**Aim of the task**
Return the data below exactly, minus the pictures.

**Provided material**
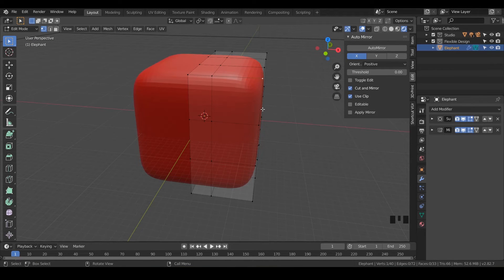Welcome back. Let's go ahead and turn this cube into an elephant. Let's switch over to face mode — we can do that by hitting three at the top of our keyboard.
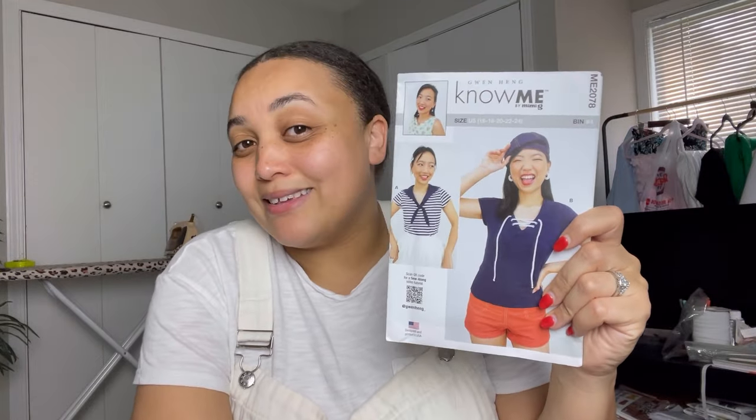Nomi pattern 2078 — there is just something about a sailor look that I love for spring. I'm leaning more toward View A with the sailor tie and the stripes; it's so adorable. This pattern doesn't have a lot of pieces — I can tell by how thin the envelope is. It seems like it's just the shirt views, Views A and B, and it looks pretty easy as well. Very exciting.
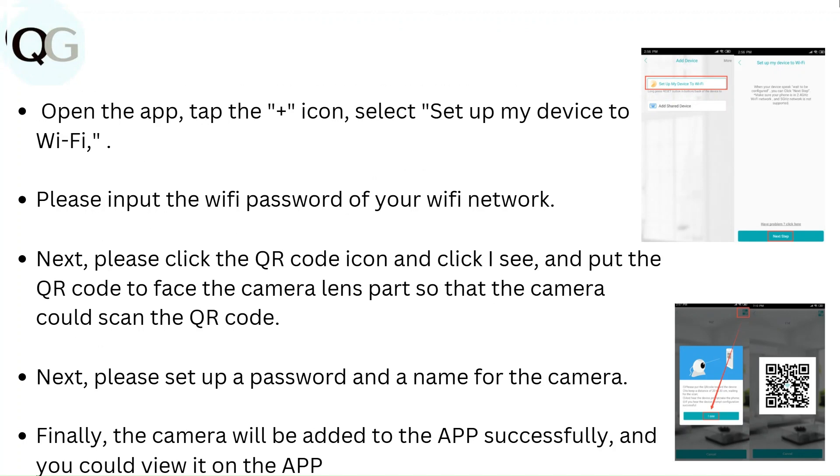Open the app, tap the plus icon, and select 'Setup my device to Wi-Fi.' Input the Wi-Fi password for your network. Next, click the QR code icon and hold the QR code facing the camera lens so that the camera can scan it.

**Answer box**
Welcome back. Let's go ahead and turn this cube into an elephant. Let's switch over to face mode — we can do that by hitting three at the top of our keyboard.
Nomi pattern 2078 — there is just something about a sailor look that I love for spring. I'm leaning more toward View A with the sailor tie and the stripes; it's so adorable. This pattern doesn't have a lot of pieces — I can tell by how thin the envelope is. It seems like it's just the shirt views, Views A and B, and it looks pretty easy as well. Very exciting.
Open the app, tap the plus icon, and select 'Setup my device to Wi-Fi.' Input the Wi-Fi password for your network. Next, click the QR code icon and hold the QR code facing the camera lens so that the camera can scan it.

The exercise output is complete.